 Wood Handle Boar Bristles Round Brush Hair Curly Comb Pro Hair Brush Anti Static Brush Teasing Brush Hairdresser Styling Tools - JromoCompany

...

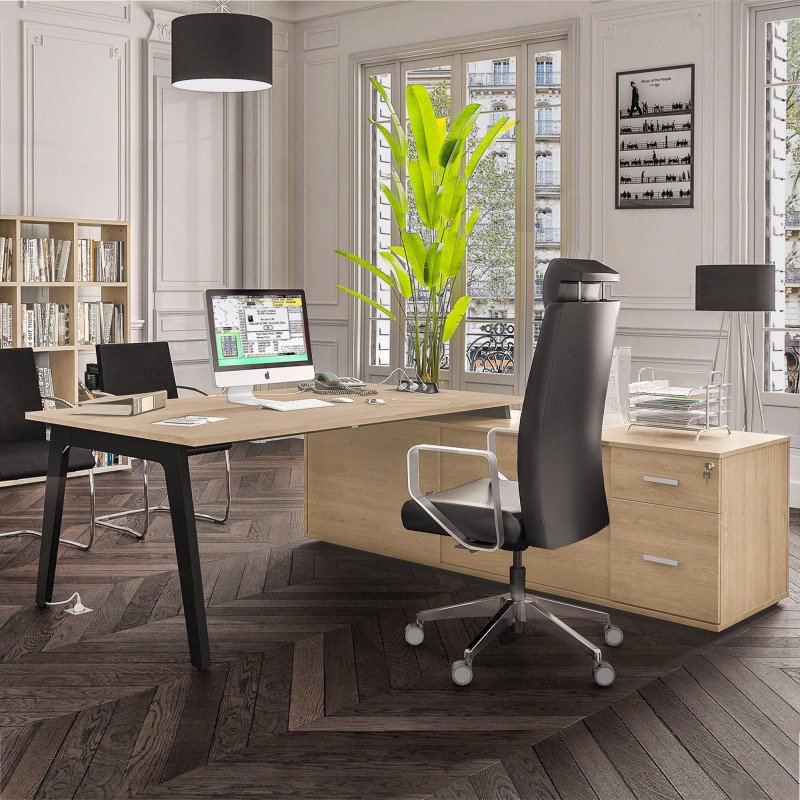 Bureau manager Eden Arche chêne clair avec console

---

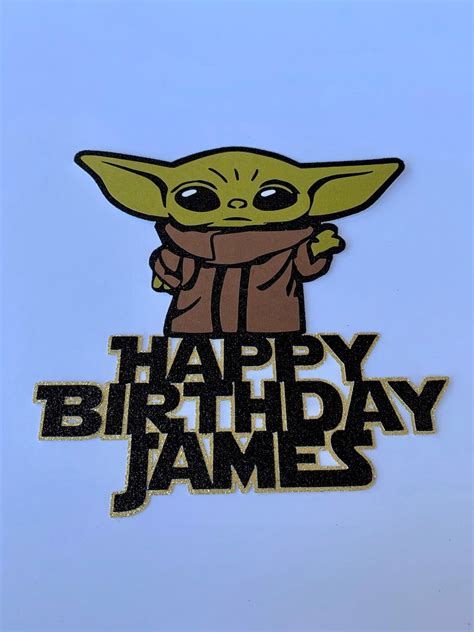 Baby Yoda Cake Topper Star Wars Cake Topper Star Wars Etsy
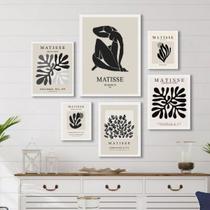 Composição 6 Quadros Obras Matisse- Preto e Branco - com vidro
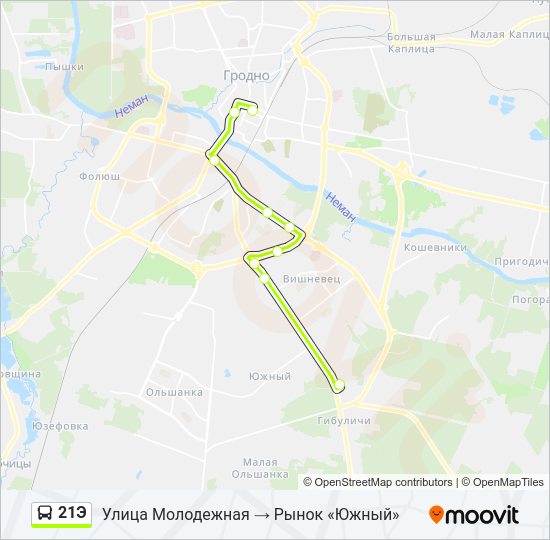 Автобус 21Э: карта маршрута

**INSTRUCTIONS TO FOLLOW**
Quote the lines above exactly, starting with the one that has "Baby Yoda Cake" and ending with the one that has "Автобус 21Э: карта маршрута"; drop the pictures and include nothing else.

**EXERCISE RESPONSE**
 Baby Yoda Cake Topper Star Wars Cake Topper Star Wars Etsy
 Composição 6 Quadros Obras Matisse- Preto e Branco - com vidro
 Автобус 21Э: карта маршрута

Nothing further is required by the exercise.